• **WHAT IS EXPECTED**
The whole listing, exactly as given: write it out, leaving out each image.

• **DATA**
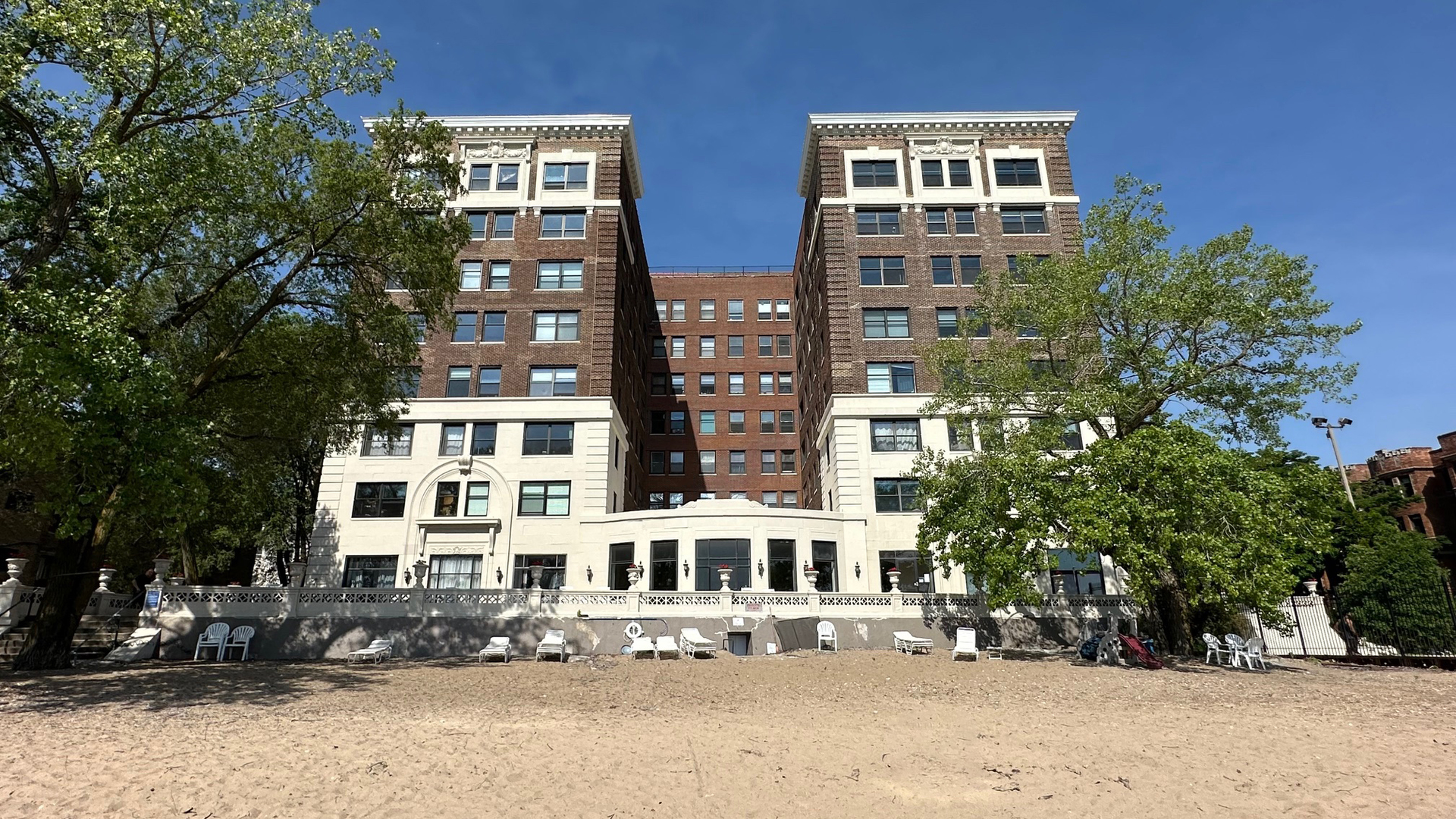 1205 W Sherwin Avenue Unit: 805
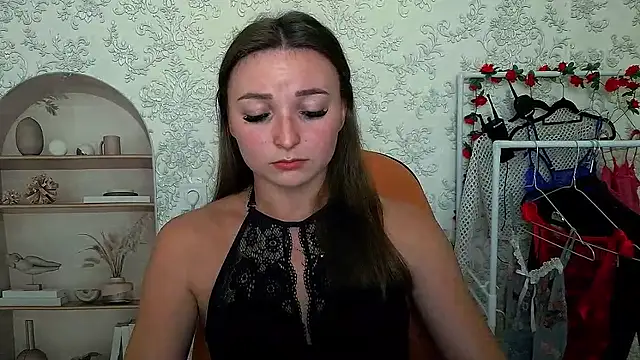  Barbie Kiss  online show from 09/22/25, 09:44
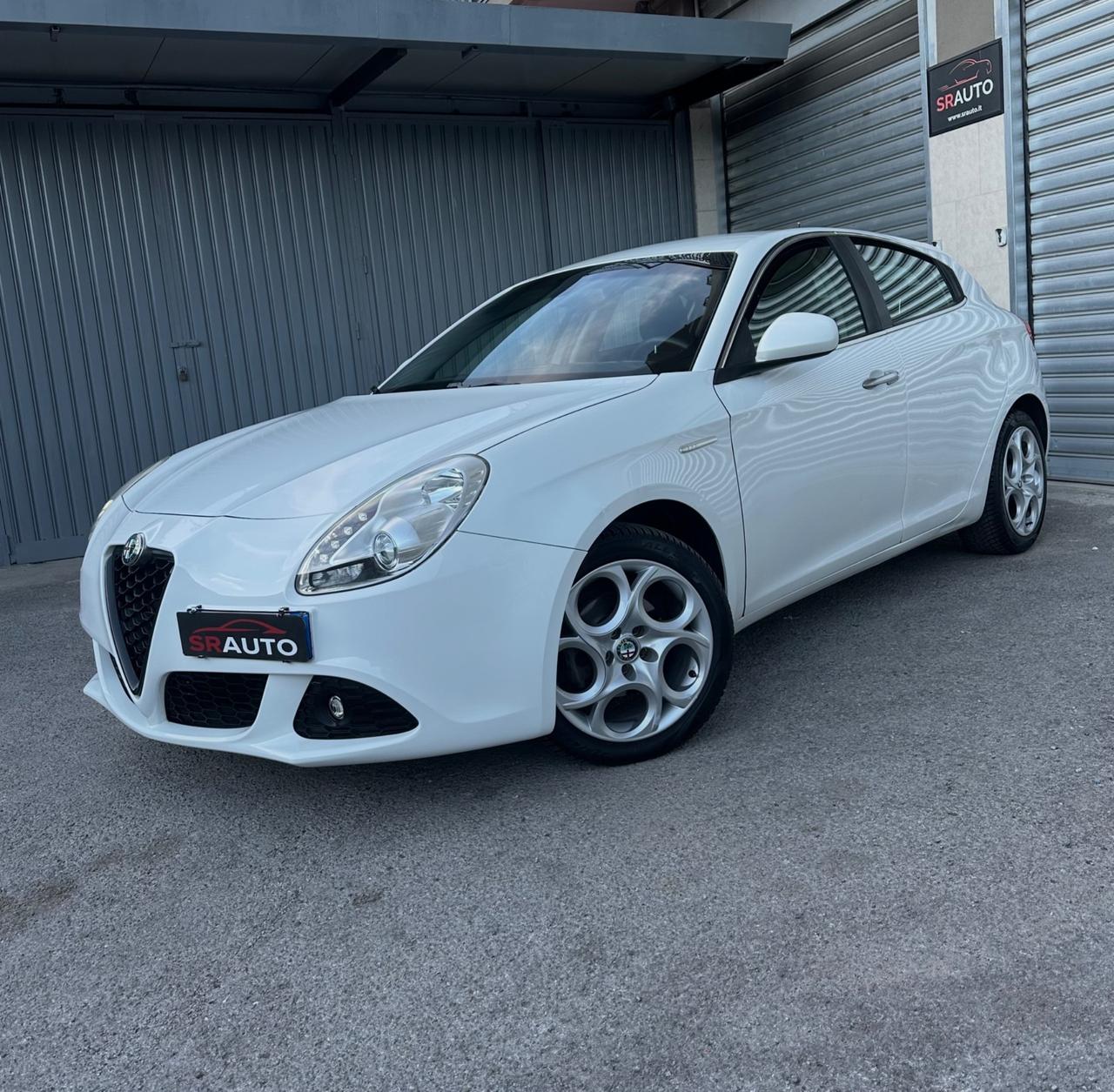 Alfa Romeo Giulietta 1.6 JTDm-2 105cv Distinctive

• **OUTPUT OF THE TASK**
 1205 W Sherwin Avenue Unit: 805
  Barbie Kiss  online show from 09/22/25, 09:44
 Alfa Romeo Giulietta 1.6 JTDm-2 105cv Distinctive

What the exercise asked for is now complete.